Records provided below:
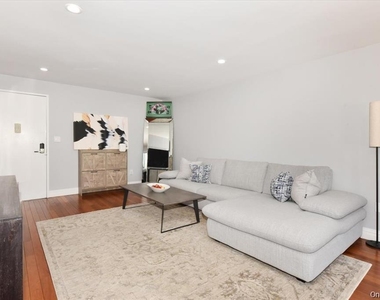 320 East Shore Road - Photo Thumbnail 4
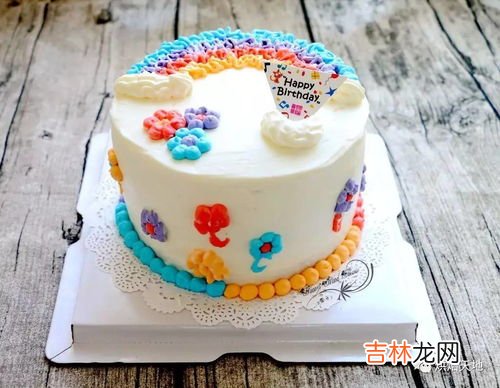 生日蛋糕色素有毒吗,在生日蛋糕上,写祝福话语文字的红色的东西,是什么材料?能吃吗?吃了会拉肚子吗?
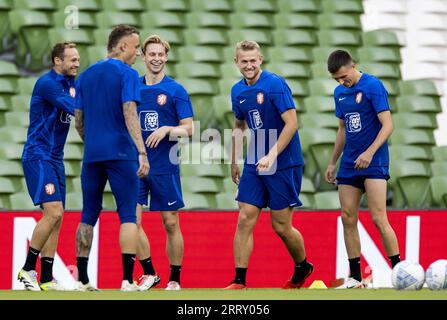 DUBLIN - Daley Blind, Noa lang, Frenkie de Jong, Matthijs de Ligt und Steven Berghuis während des Trainings im Vorfeld der Qualifikation der niederländischen Mannschaft für die Europameisterschaft gegen Irland in Dublin. Nach dem Sieg über Griechenland 3-0 liegt die niederländische Mannschaft auf dem zweiten Platz in der Gruppe, Irland auf Platz 4. ANP KOEN VAN WEEL niederlande raus - belgien raus Stockfoto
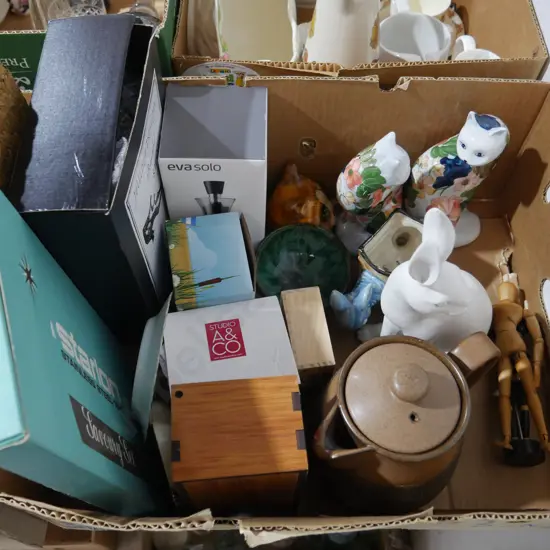 Figurines, teapot etc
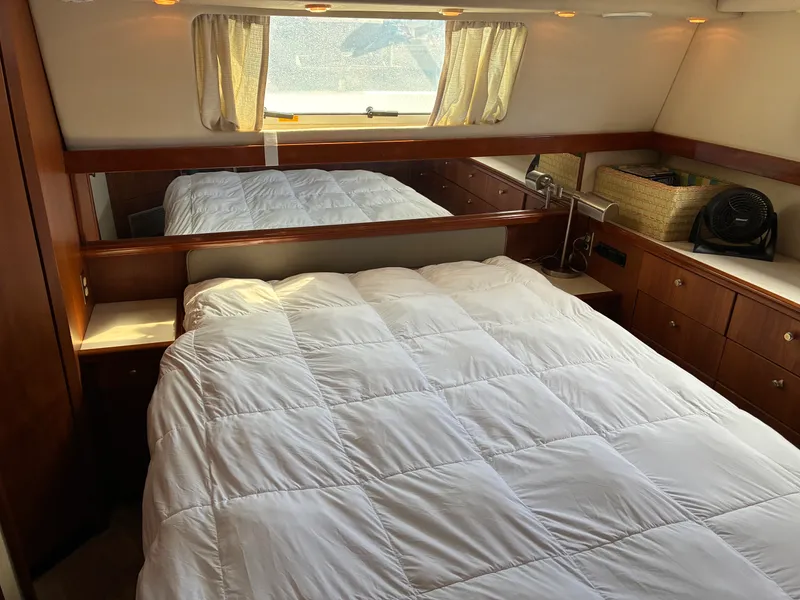 1994 Bayliner 4587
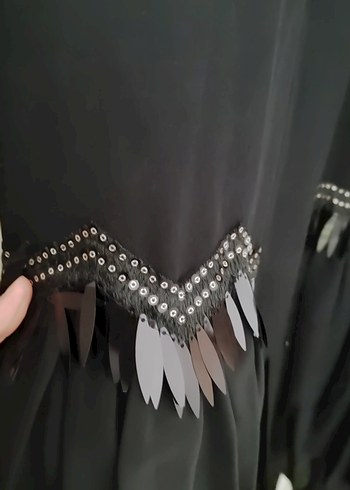 Siyah V Yaka Uzun Kollu Fırfırlı abaya - Görsel 5
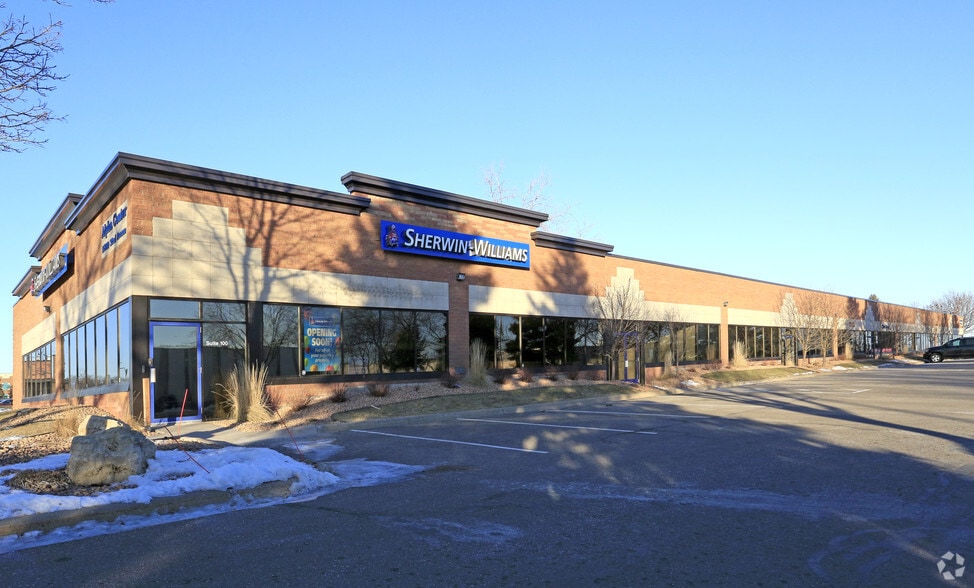 15800 N 32nd Ave, Plymouth, MN for lease - Primary Photo - Image 1 of 2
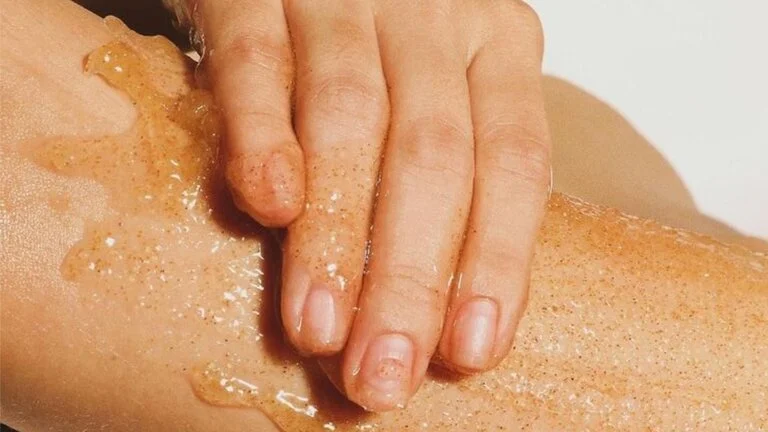 Nhiều trường hợp da body bị sần có thể bị nhầm với các vấn đề da liễu khác như viêm nang lông, dị ứng da hoặc da khô kéo dài do lão hóa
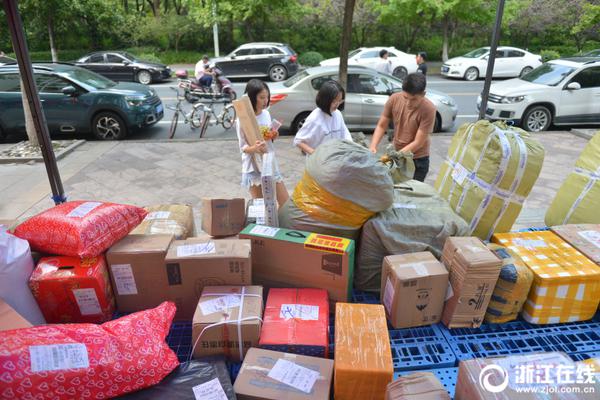 法国铁路推新举措:速度更快价格更低 售票点更多_9929精品网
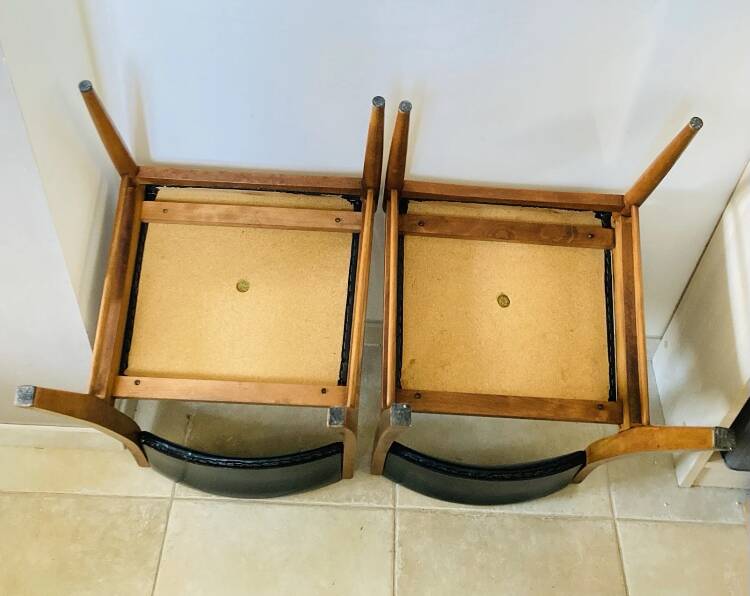 Pair of Scandinavian chairs from the 1960s/70s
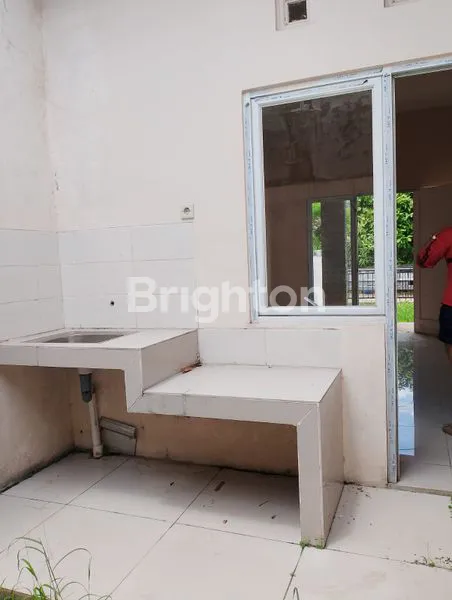 image RUMAH TAPAK THE GROVE SIAPHUNI (3)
End of Records provided.
Aim of the task → Repeat the material above verbatim. Leave the pictures behind.

Answer section →
 320 East Shore Road - Photo Thumbnail 4
 生日蛋糕色素有毒吗,在生日蛋糕上,写祝福话语文字的红色的东西,是什么材料?能吃吗?吃了会拉肚子吗?
 DUBLIN - Daley Blind, Noa lang, Frenkie de Jong, Matthijs de Ligt und Steven Berghuis während des Trainings im Vorfeld der Qualifikation der niederländischen Mannschaft für die Europameisterschaft gegen Irland in Dublin. Nach dem Sieg über Griechenland 3-0 liegt die niederländische Mannschaft auf dem zweiten Platz in der Gruppe, Irland auf Platz 4. ANP KOEN VAN WEEL niederlande raus - belgien raus Stockfoto
 Figurines, teapot etc
 1994 Bayliner 4587
 Siyah V Yaka Uzun Kollu Fırfırlı abaya - Görsel 5
 15800 N 32nd Ave, Plymouth, MN for lease - Primary Photo - Image 1 of 2
 Nhiều trường hợp da body bị sần có thể bị nhầm với các vấn đề da liễu khác như viêm nang lông, dị ứng da hoặc da khô kéo dài do lão hóa
 法国铁路推新举措:速度更快价格更低 售票点更多_9929精品网
 Pair of Scandinavian chairs from the 1960s/70s
 image RUMAH TAPAK THE GROVE SIAPHUNI (3)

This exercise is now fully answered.